Après avoir sillonné le pays, réussi à attirer l’attention médiatique, les marcheurs sont accueillis le 3 décembre 1983 par 100 000 personnes à Paris. Le président Mitterrand reçoit la délégation dans l’euphorie du moment. Une seule revendication est exaucée, la création d’une carte de séjour de 10 ans pour les étrangers. L’autre, le droit de vote des étrangers aux élections locales, pourtant une promesse de campagne du candidat socialiste en 1981, passe à la trappe. Puis plus rien. Aujourd’hui un sondage Opinionway souligne que 81% des Français interrogés ne savent pas ce qu’est la marche.

Mémoire oubliée ? Pis, la mémoire de la marche est dévoyée. Jusque dans son appellation.
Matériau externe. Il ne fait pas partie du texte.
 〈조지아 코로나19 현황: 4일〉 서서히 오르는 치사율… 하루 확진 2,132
Elle est devenue par construction médiatique « La marche des Beurs« , la renvoyant à une revendication identitaire et communautariste, là où elle porte un message à vocation universaliste et républicain.

A qui la faute ? Aux pouvoirs politiques qui n’ont pas tenu leurs promesses ? Aux habitants qui n’ont pas su faire vivre cette histoire et transmettre cet héritage ? Surtout, que reste-t-il de la marche dans une France où les habitants des quartiers populaires subissent le mal-logement, le chômage et la crise ?
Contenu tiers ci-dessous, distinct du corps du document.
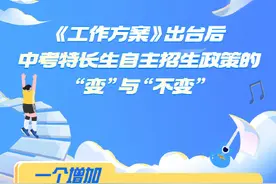 2024年广州中考体育艺术特长生招生新政 出炉：1个增加、4个调整图片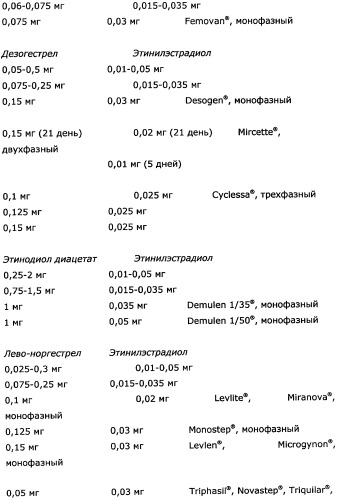 Фармацевтическая композиция, содержащая тетрагидрофолиевую кислоту (патент 2479306)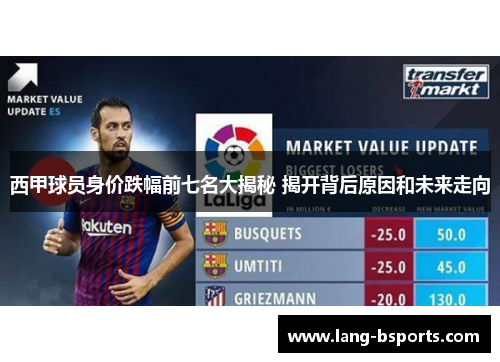西甲球员身价跌幅前七名大揭秘 揭开背后原因和未来走向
Des associations travaillent sans relâche pour raconter cette histoire, pour faire que les habitants se réapproprient cette mémoire et pour porter les revendications des quartiers populaires.
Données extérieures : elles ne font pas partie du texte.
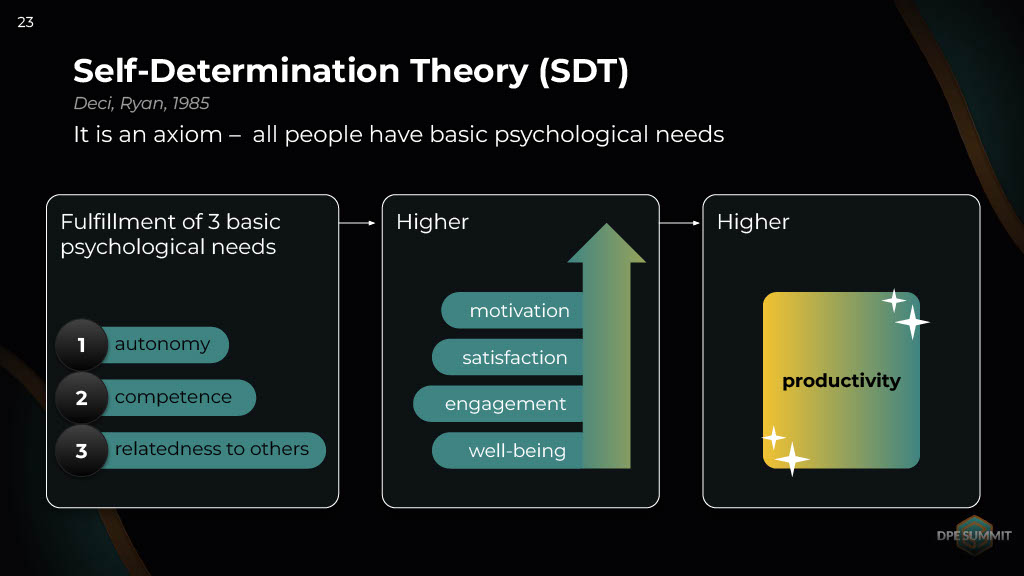 Three Words to Remember When Working with People’s Motivation and Productivity: Autonomy, Competence, Relatedness to Others — slide 23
Le Bondy Blog a choisi de prendre sa part à ce travail de transmission en consacrant pendant trois mois, du 15 octobre au 3 décembre une série d’articles à la marche. Nous donnerons la parole à des historiens, des écrivains, des documentaristes, des témoins, des organisateurs et à des acteurs de la marche. Un focus particulier sera consacré au film La Marche de Nabil Ben Yadir. Nous nous efforcerons ainsi de retracer et de faire revivre cette histoire polymorphe. Avec en toile de fond, cette interrogation, qu’est-ce qui a changé dans nos quartiers ?

Depuis 8 ans, le Bondy Blog donne la parole aux jeunes et aux moins jeunes qui vivent dans les cités. Nous tentons aussi, modestement, de connecter les habitants de banlieue aux hommes et femmes politiques qui viennent nous rendre visite au Bondy Blog Café. Après tout, nous aussi nous sommes nés d’une colère et du sentiment de ne pas être écoutés. Nous sommes des enfants de la marche, assumons-le.